As I said before, Yaroslavl is preparing to celebrate its 1000th birthday. With not quite a year until the big tourist event happens, the churches are all on track for being shown off. Weeds are cut, doors are opened, trash is collected. Yet, there is an overall lack of tourist spirit in the service industry.
Having lived in Yaroslavl about 5 years ago, Sarah did not expect to be able to find many places to eat. Fortunately this has changed a bit and there are quite a few different restaurants with various cuisines and prices. Unfortunately, the servers are of slightly lower quality than even Moscow servers. While Moscow servers generally don’t make eye contact and make it difficult for you to get their attention, they at least notice you when you enter a restaurant and aren’t scared off by a silly mistake on their or your part. Basically, they are used to dealing with foreigners.

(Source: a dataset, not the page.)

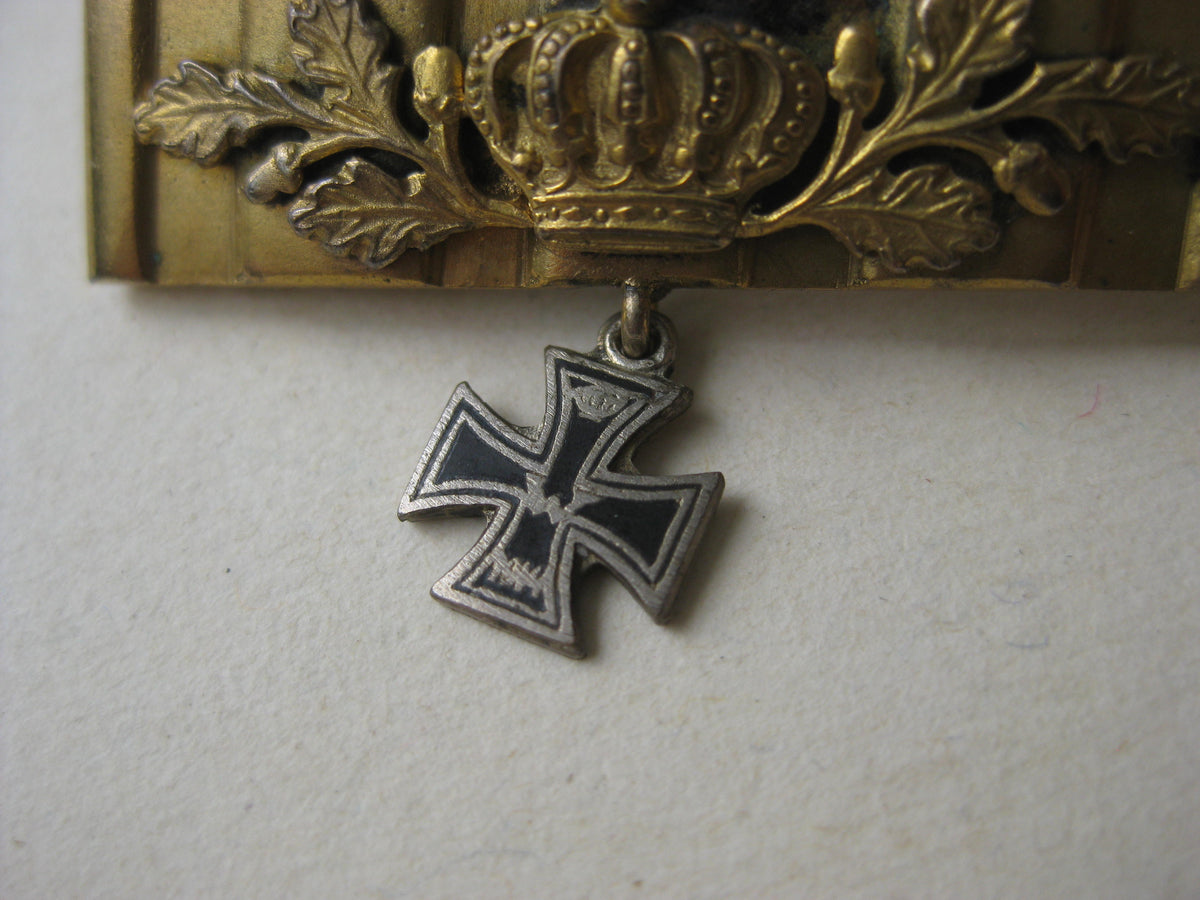 Patriotischer Schmuck Brosche Grabenkunst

On the other hand, servers in Yaroslavl seemed to be a little skittish of customers. Service at almost all places was slooooow. We would wait about 15 minutes to get a menu, then rush in the hopes of having made up our minds by the time the waitress graced us with her presence another 15 minutes later. Then, it’s always a hassle to get a check because a) you have to know to ask for it b) you need to expect to wait about 30 minutes before getting it c) once you pay the bill you will no longer get service. Basically, a lot of time needs to be devoted to venturing out to eat and when you are visiting a city and don’t want to spend all your time at your rental flat, then you should expect to spend most of your time eating or trying to eat.
The worst example of the simple lack of awareness was actually a bar with a great atmosphere. They had outdoor seating, so we waiting outside for about 30 minutes before someone finally asked if we had been helped, then once we got a menu and waited for another 10-15 minutes, we decided we would be better off inside. This was true until I made the mistake of wanting to know the difference between three different types of coffee. I asked Sarah how to say it in Russian, asked the waitress, and she ran off with the menu to the cash desk and promptly placed an order for the three drinks. Basically, if you are foreign, people stop listening to anything you say because it’s too much work, at least this was my impression. Needless to say, the city cafes have some lessons to learn quickly before next year. Granted many of the visitors will be Russian, but I wouldn’t be surprised if a fair amount of foreigners make it out there.